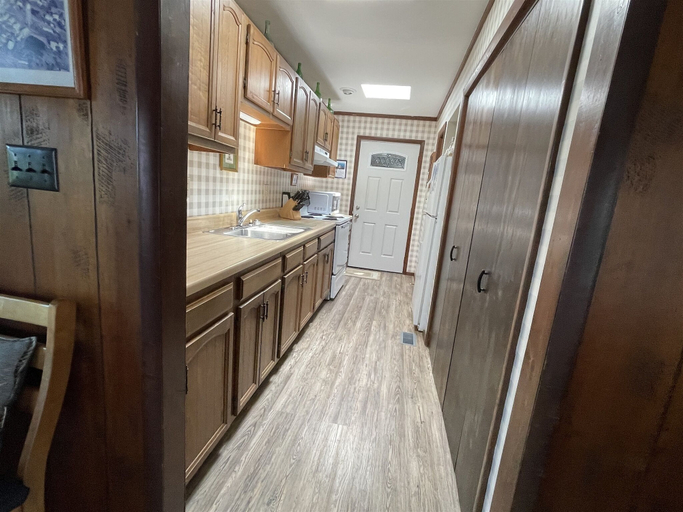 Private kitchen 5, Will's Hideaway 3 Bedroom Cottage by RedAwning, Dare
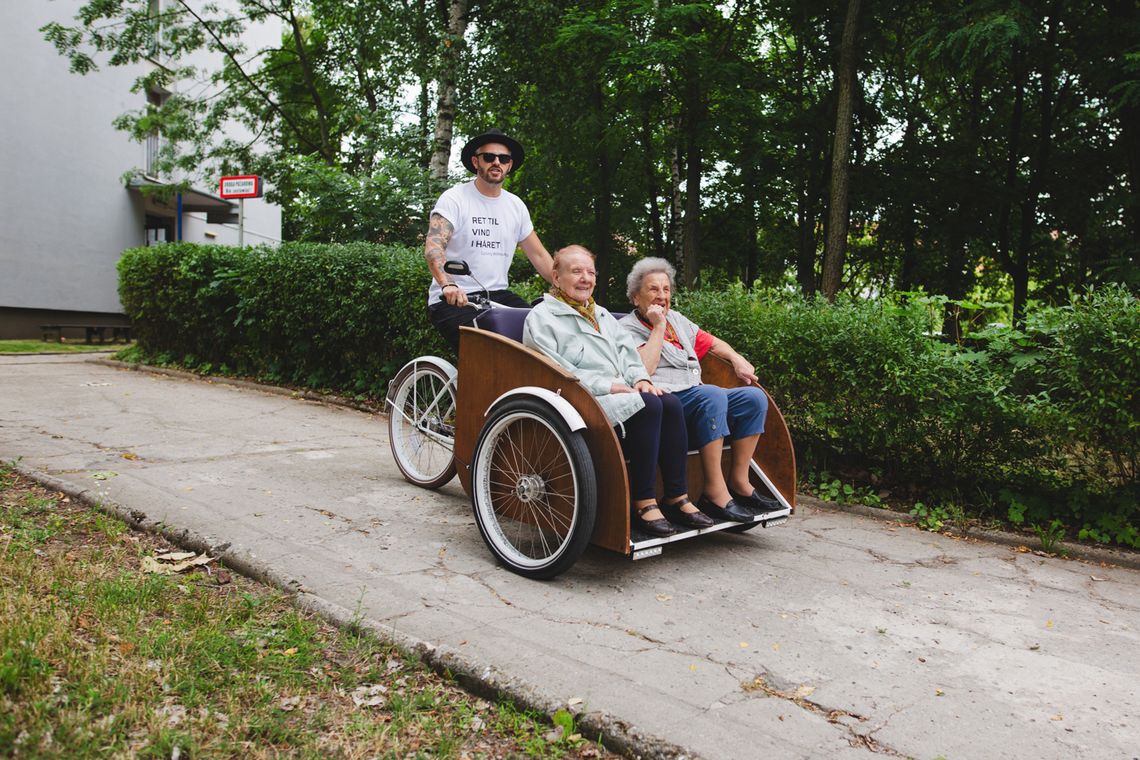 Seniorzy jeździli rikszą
====================
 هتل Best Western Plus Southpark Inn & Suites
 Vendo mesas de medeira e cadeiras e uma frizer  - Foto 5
====================
▸ **Your objective**
After locating the line containing "Private kitchen 5, Will's" in the entries above, return it and every line after it exactly, ending at the line containing "Seniorzy jeździli rikszą", without pictures.

▸ **Solution to the problem**
 Private kitchen 5, Will's Hideaway 3 Bedroom Cottage by RedAwning, Dare
 Seniorzy jeździli rikszą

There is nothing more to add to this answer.